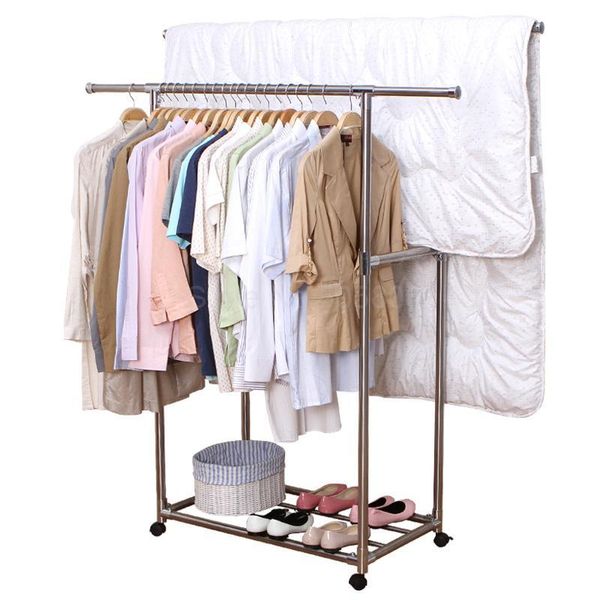 laundry bags 7999 stainless steel double pole drying rack floor indoor cool balcony hanging clothes
laundry bags 7999 stainless steel double pole drying rack floor indoor cool balcony hanging clothes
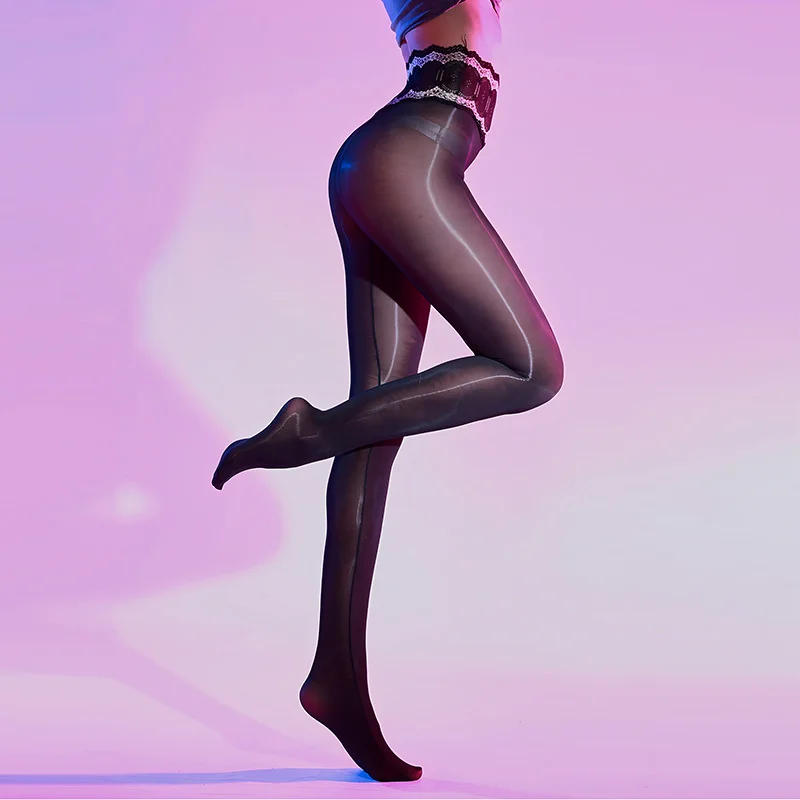 Description Picture 4 of itemWomen Stockings Aurora Oil Glossy Seamless Pantyhose Lace High Waist Female Hosiery Smooth Silk Sexy Tights Crotchless Lingerie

──────────────────────────────

** YOUR INSTRUCTIONS **
Return all the material exactly, pictures excluded.

** WRITTEN REPLY **
 laundry bags 7999 stainless steel double pole drying rack floor indoor cool balcony hanging clothes
laundry bags 7999 stainless steel double pole drying rack floor indoor cool balcony hanging clothes
 Description Picture 4 of itemWomen Stockings Aurora Oil Glossy Seamless Pantyhose Lace High Waist Female Hosiery Smooth Silk Sexy Tights Crotchless Lingerie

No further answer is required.